Posttransplant MRD and T-cell chimerism status predict outcomes in patients allografted with AML/MDS.

Allogeneic stem-cell transplantation allows the delivery of curative graft-versus-leukemia (GVL) in patients with acute myeloid leukemia/myelodysplasia (AML/MDS). Surveillance of T-cell chimerism, measurable residual disease (MRD) and blast HLA-DR expression may inform whether GVL effectiveness is reduced. We report the prognostic impact of these biomarkers in patients allografted for AML/MDS. 187 patients from FIGARO, a randomized trial of reduced-intensity conditioning regimens in AML/MDS, were alive and relapse-free, at the first MRD timepoint and provided bone marrow for flow cytometric MRD monitoring and blood samples for T-cell chimerism analysis, requested to month+12. 29 (15.5%) patients had at least one MRD-positive result post-transplant. MRD-positivity was associated with reduced overall survival (OS) (HR:2.18, p=0.0028) as a time-varying Cox variable and remained significant irrespective of pre-transplant MRD status in multivariate analyses (p<0.001). 94 patients had sequential MRD with T-cell chimerism results at months+3/+6. Patients with full donor T-cell chimerism (FDTC) had an improved OS as compared with patients with mixed-donor T-cell chimerism (MDTC) (adjusted-HR=0.4, p=0.0019).

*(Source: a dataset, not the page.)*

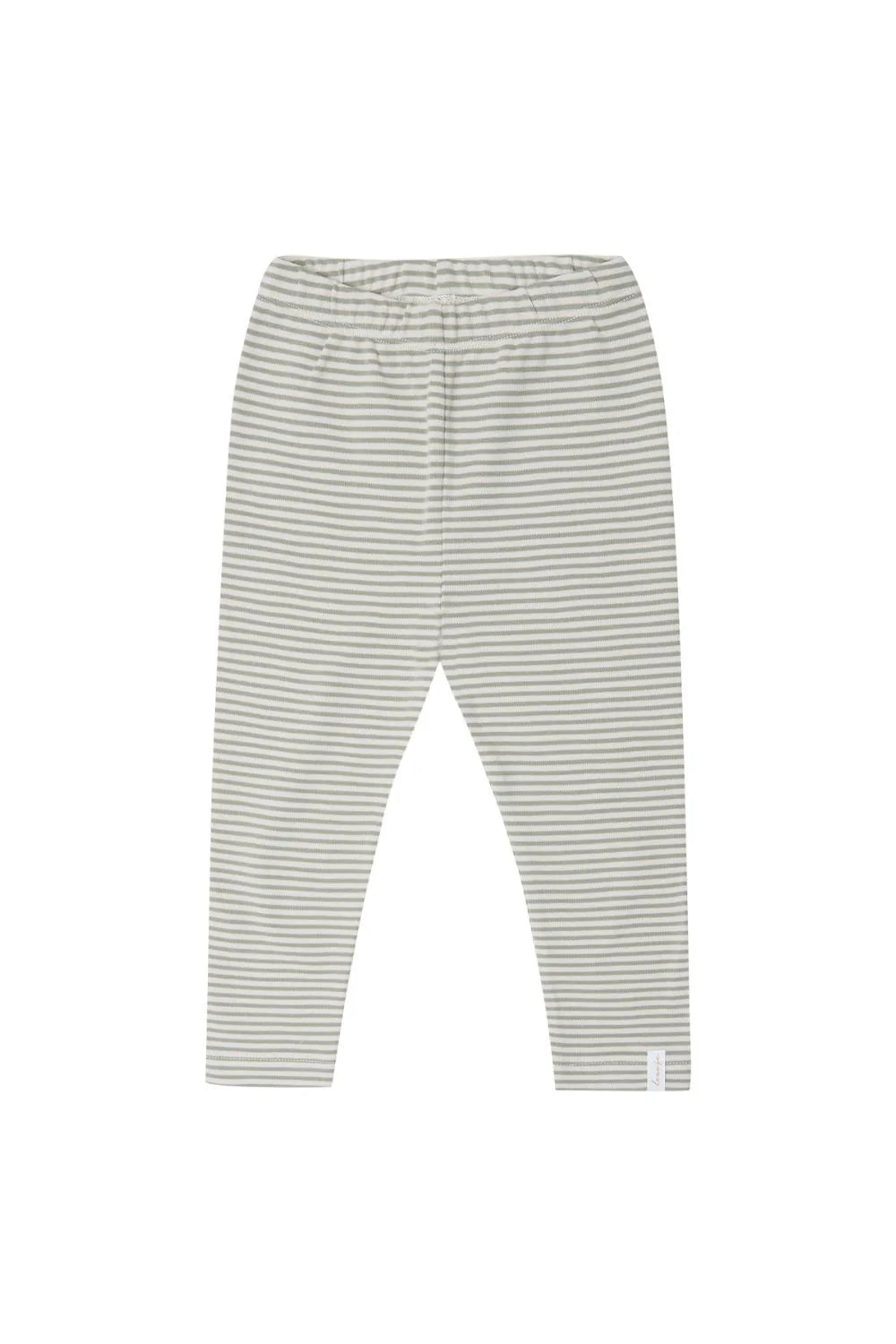 Leevje Organic Cotton Jersey Leggings Green Stripes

In patients with MDTC (month+3 or +6), MRD-positivity was associated with decreased 2yr-OS (34.3% [95% CI:11.6-58.7] versus MRD-negative 71.4% [95% CI:52.2-84.0], p=0.001). In contrast, in the group with FDTC, MRD was infrequent and did not impact outcome. Amongst patients with post-transplant MRD-positivity, decreased HLA-DR expression on blasts significantly reduced OS, supporting this as a mechanism for GVL escape. Post-transplant MRD is an important predictor of outcome in patients allografted for AML/MDS and is most informative when combined with T-cell chimerism results, underlining the importance of a GVL effect in AML/MDS.